The RAC goes on to say that 95% of pedestrian casualties and 92% of cyclist casualties are killed or injured on urban roads. Well, excuse me for pointing out the blatantly obvious: that’s because the majority of pedestrians and cyclists use these roads. You don’t see that many people walking out in the middle of nowhere. OK, perhaps the RAC is using statistics without explaining probabilities and ‘stuff’.

Anyway, Elizabeth Dainton, R&D Manager for the RAC Foundation is speaking at a conference today (10th) at Aston University on speed management. She’s going to explain that much more research is needed before 20mph zones are comprehensively rolled out across the country, and that they shouldn’t be implemented at all in areas where the public is opposed, business needs fast transport routes, etc.

Ms Dainton will present the aims, objectives and history behind 20mph zones, whilst drawing on one of the most extensive studies on their effectiveness, which found that average speeds fell by 9mph and annual accidents by 60% in select 20mph zones. Although casualty reductions for current 20mph zones are impressive, Ms Dainton will explain that there are limits to their overall use.

These limits are:
* Enforcement: Traffic calming measures are needed if existing speeds are high. These are unpopular and expensive. Physical enforcement is the only option available due to low levels of traffic police and a lack of camera enforcing technology.

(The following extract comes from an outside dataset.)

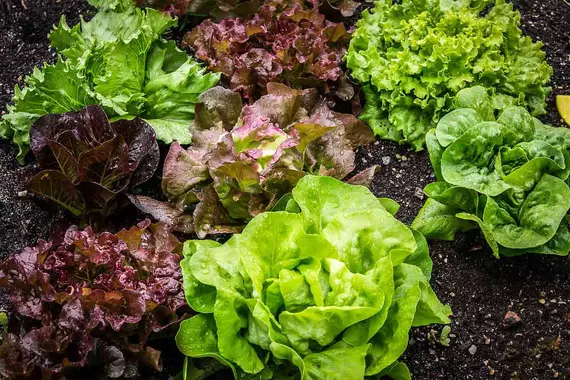 Salade mélange Rouge/verte (Batavia , Chêne, Laitue,  Romaine, Mesclun) lot de 50 salades  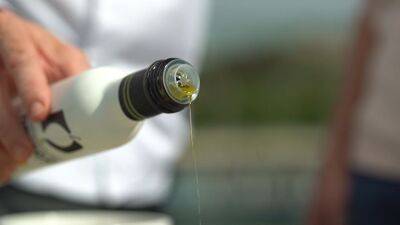 ‘Liquid gold’: Spain’s olives at the heart of Mediterranean gastronomic culture - euronews.com - Spain - Greece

* Public acceptability: Three quarters of the public support 20mph zones in residential areas, but no research is available to assess whether a more comprehensive network of zones would be welcomed. Physical traffic calming measures are disliked by 57% of the public. Camera enforcement is also a bone of contention for many, which is likely to make the eventual introduction of average speed cameras to enforce 20mph zones difficult.

* Roads for movement are needed: 20mph zones may reduce casualties in certain circumstances, but the economic vitality of an area also needs to be considered. It is essential that local areas have ‘roads for movement’. A whole network of 20mph zones is not viable or desirable.

But the main problem I see in 20mph zones are that now people will feel even more safe to just amble into the road without looking. But, at least if they get hit there’s less chance of dying. I’ve said it before: people crave some level of danger in their lives. If you keep removing danger from everyday life more and more people will take up bungy jumping.